The theme: Novelty Beers
99 Pours gives us this theme:  “With the onslaught of even weirder beards…erm…beers…than before, I can’t help but wonder if novelty beers are going too far. Or maybe not far enough? LOL! As a merchant of beer, I can see the place for novelty beers, as I am choosing for some customers who say, “I want the strangest beer you have.”

So, novelty.  I had to tell myself what this was.  What follows is the odd debate/investigation/whatever that went on in my head regarding this subject.  Novelty is “something that is novel.” And not the literary kind. No, novel is a thing that is “strikingly new, unusual, or different.”  In the announcement above there is also the added qualifier “strange.”
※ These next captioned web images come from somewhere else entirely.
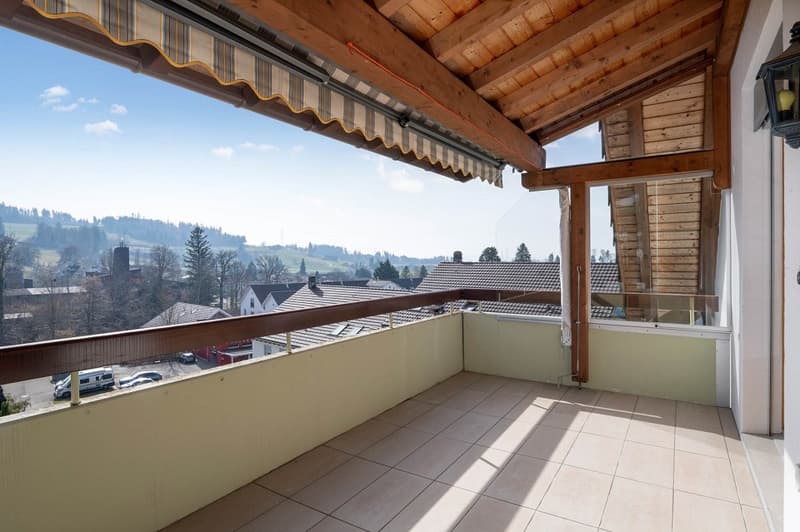Molto spazio in una bella posizione con vista su Bäretswil (3)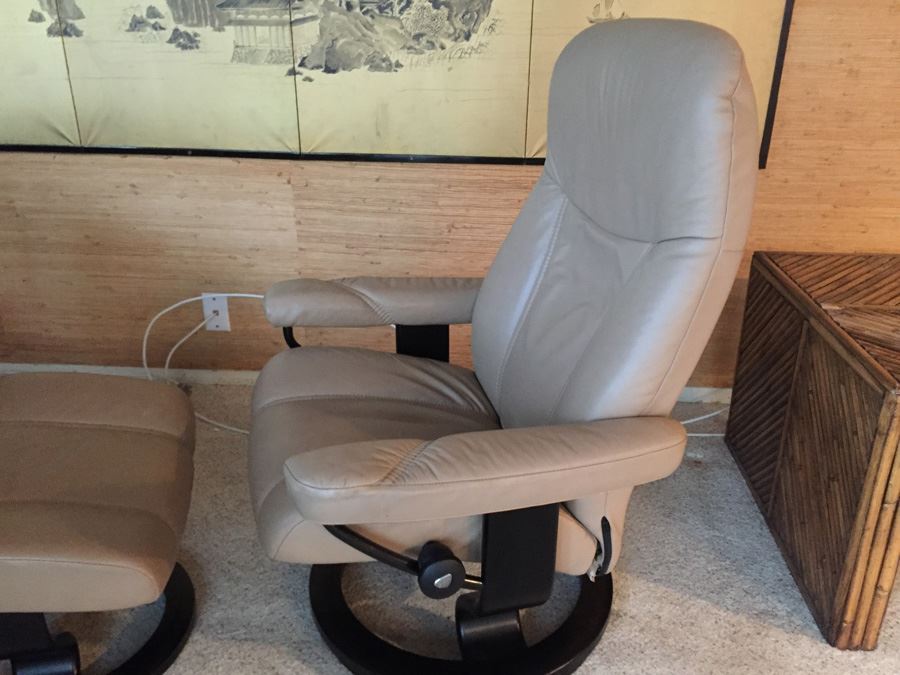 Ekornes Stressless Modern Leather Chair And Ottoman Retails Around $1,500 [Photo 2]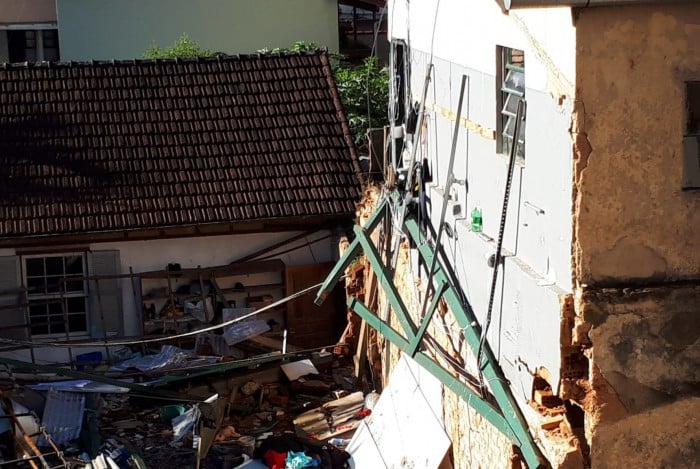 Imagens mostram como ficou estamparia após deslizamento na Chácara Flora, em Petrópolis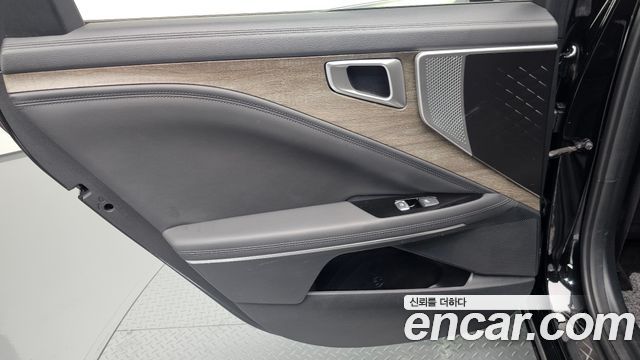 Kia K8 2023 — photo 15
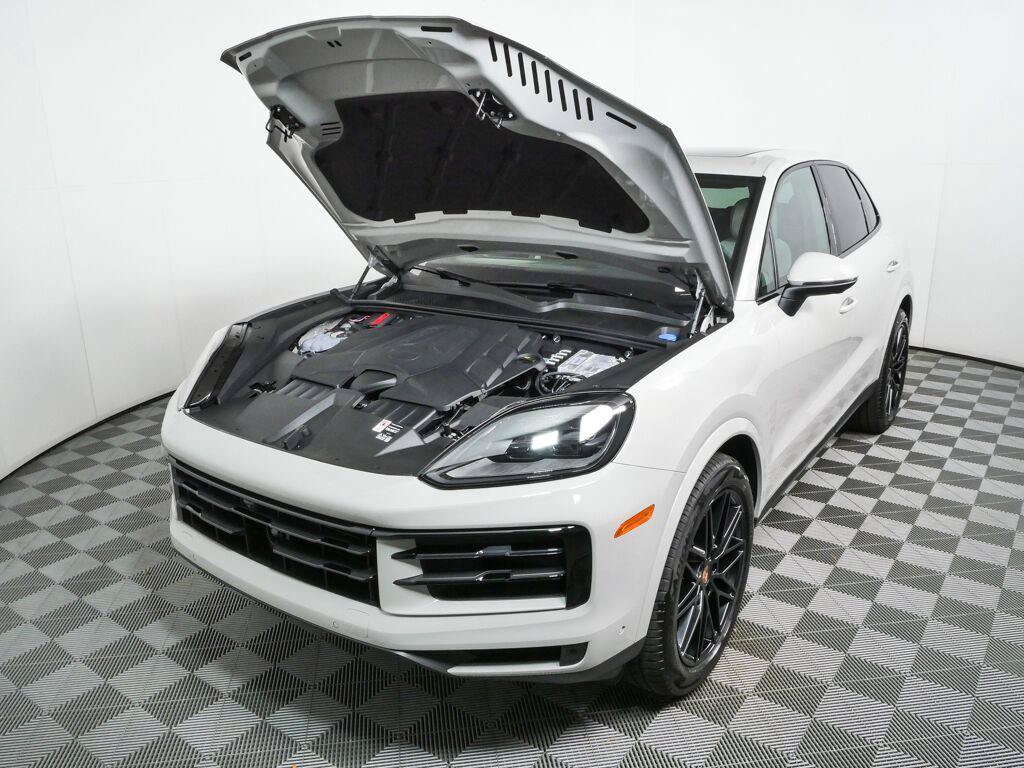 New 2026 Porsche Cayenne AWD/4WD image 34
Thus, I am presented with discussing beers that are strange, new, unusual, different.  It’s the “strange” connotation that is troubling me.  I suppose the argument could be made that if something is strange it is strikingly different.  But strange isn’t necessarily strikingly new.  New and unusual is usually innovative, imagination-capturing, cool, the first time you fall in love, iPads, lightsabers.  Different can be good or bad.  But strange throws me off.  It’s like there should be a distinction here between a thing that is new and a thing that is strange.  Strange, for me, wants to be a thing that is just, well, not right.

Then there is the temporal aspect that the word novelty engenders.  It almost imbues an object with a transitory existence.  Or, at least, a short life that ends in dusty nostalgia – you know, that “novel” coffee mug that is taking up space in your cabinet.

Within those boundaries I must fit beer.  A new and unusual beer, for me, was wit beers.  They were brilliant, cloudy, spicy things.  Yet, they are anything but transitory.  They are different, but not strange.  Same with lambics, which were my first thoughts for novelty beers.  Sour, fruity … weird.  Yeah, maybe those are the beers that fit here.  They are unusual.  Even avid beer lovers will sometimes shy away from these face-curdlers.  Or some may turn up their nose because of the fruity nature.  But they intrigue me and many others.  Raspberry and cherry and other stuff.  I don’t like fruit in my beer,  but it seems so appropriate in a lambic.  Truly, I have only had a couple of easily imported or domestic made lambics.  Not the real things.  They are unusual, I want more.  Are they strange?

One beer style that stretches for a place on the strange list is chili beers.  I had a Crazy Ed’s Chili beer once, long ago.  There was an actual chili in the bottle.  It was the most horrid thing I’ve ever had.  It was, without doubt, strange.  I didn’t want to give up on them, though.  I tried Ring of Fire from Dragonmead Brewery.  It was like drinking a bowl of nachos.  That’s weird.  It was a good beer.  But definitely … different.  I might drink it again.  I love peppers, but apparently not in my beer.

At times, I think the brewing scene on the west coast of the US is all novelty, what with the idiotic amount of hops brewers will put into any style.  Ridiculous.  Does all this cover “novelty?” I just don’t know.  My experience is limited.   Other, better, brewers and bloggers will be weighing in on this subject.  Look to them for guidance!